Ananya S Guha
Innovative and optimum integration of technology can lead to more effective dissemination of knowledge
As an educational professional my greatest regret is that very little technology is being used for education today. In fact, for a long time it is only the chalk and talk that have dominated our system of education. But most students find it boring, much to the chagrin of their teachers. The teacher had a veritable image of the omniscient author.
When I was a student, there was hardly any attempt to take teaching out of the classroom. Once I remember one of my classmates requesting the teacher to take classes outside, in the lawns. The teacher replied: ‘Let me get used to the idea!’ This shows that teachers did not want any change, nor were they capable of innovation.
It was just plain class room talking, and no multitasking such as using different patterns, like quiz, discussion or debate. One such opportunity to implement these ideas could have been in the boring Moral Science lessons. I never learnt why a moral was a science and how science was a moral! Here I recollect how a teacher, when I was a student in St. Edmund’s School, Shillong, used the tape recorder or the music system by making us listen to recorded versions of a text. He was surely a progenitor of Distance and Open Education. New technologies such as overhead projectors devices were hardly used profitably.
They were used only in seminars where a gloating author would wax eloquent about his masterpiece – the paper that he wrote. All this time, the radio was a repository of not only entertainment, but also of education. But the school broadcasts, that is radio lessons meant for school children were invariably aired at a time when the students were in the class rooms. No one had the gumption to think that these lessons could have been broadcast when the students were in their homes, or not in the class rooms. So the hapless students had to fall back upon the Binaca Geetmala for entertainment. The point that I am trying to make is that creative and innovative use of technology is entertainment, a mix of education and entertainment. It is what we call ‘edutainment’ today.

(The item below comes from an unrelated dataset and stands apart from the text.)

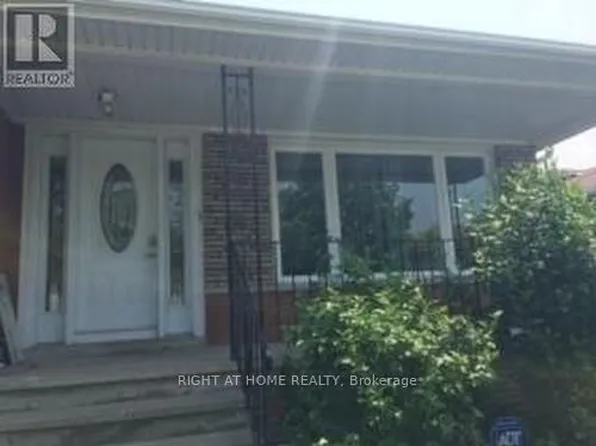 9 Chalet Rd, Toronto, ON M2J 3V3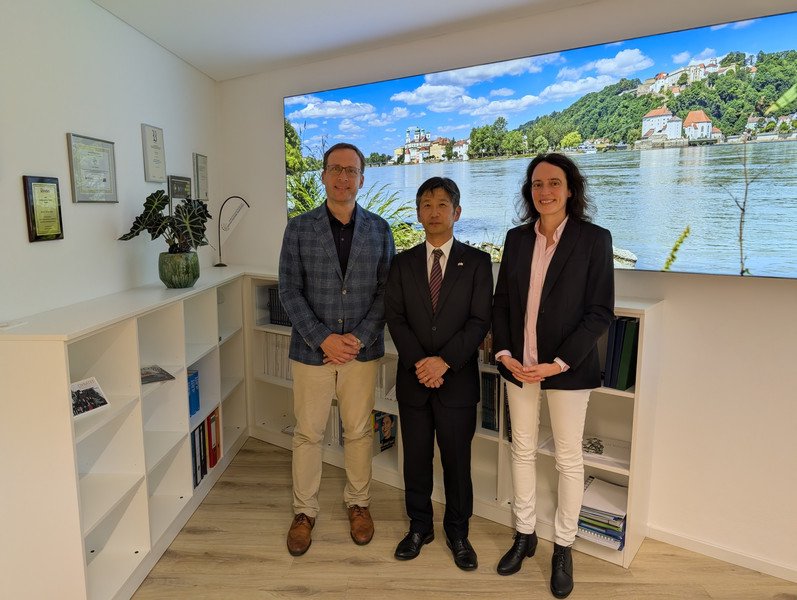 Generalkonsul Kenichi Bessho mit Pr&auml;sident Jan Henrik Schumann und Vizepr&auml;sidentin Daniela Wawra; Foto: Universit&auml;t Passau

Then came the UGC lectures, telecast by Doordarshan; more often than not, they were simulations of classroom lectures. They were not creative expressions of out of the box thinking. They were vapid lectures delivered by renowned people. Technology was being wasted. Thanks to the Open University System, however, pedagogy became more filtered and usable. The combination of the radio, the television, and the computer has been of great use for the adult learner, but in conventional education there must be a more systemic use of the same via emails, chat, Skype etc. Even social networking sites can be a worthy method, but unfortunately, both the young and the old tend to use them casually. My plea is that technology can be an important educational tool. The more we use it, the more are we on the path of demystifying education.
Incorporation of latest technological tools in education is the need of the hour. New technology can be used to further the goals of education from school onwards to higher education. There has to be investments in education with the aim of providing best possible resources to the learner. Further, interactive discussion boards, group interaction, giving responses individually make the entire experience of education, exciting and learner centred, as opposed to a teacher centric form of pedagogy.
While technology in the form of the LCD Projector etc is being used in the classroom, there must be more judicious combination of online and offline technologies so that the education being offered in the classroom situation is more pleasurable and holistic. The ramifications are there to see – there is a multiplicity, divergence and convergence of ‘class room’ pedagogy.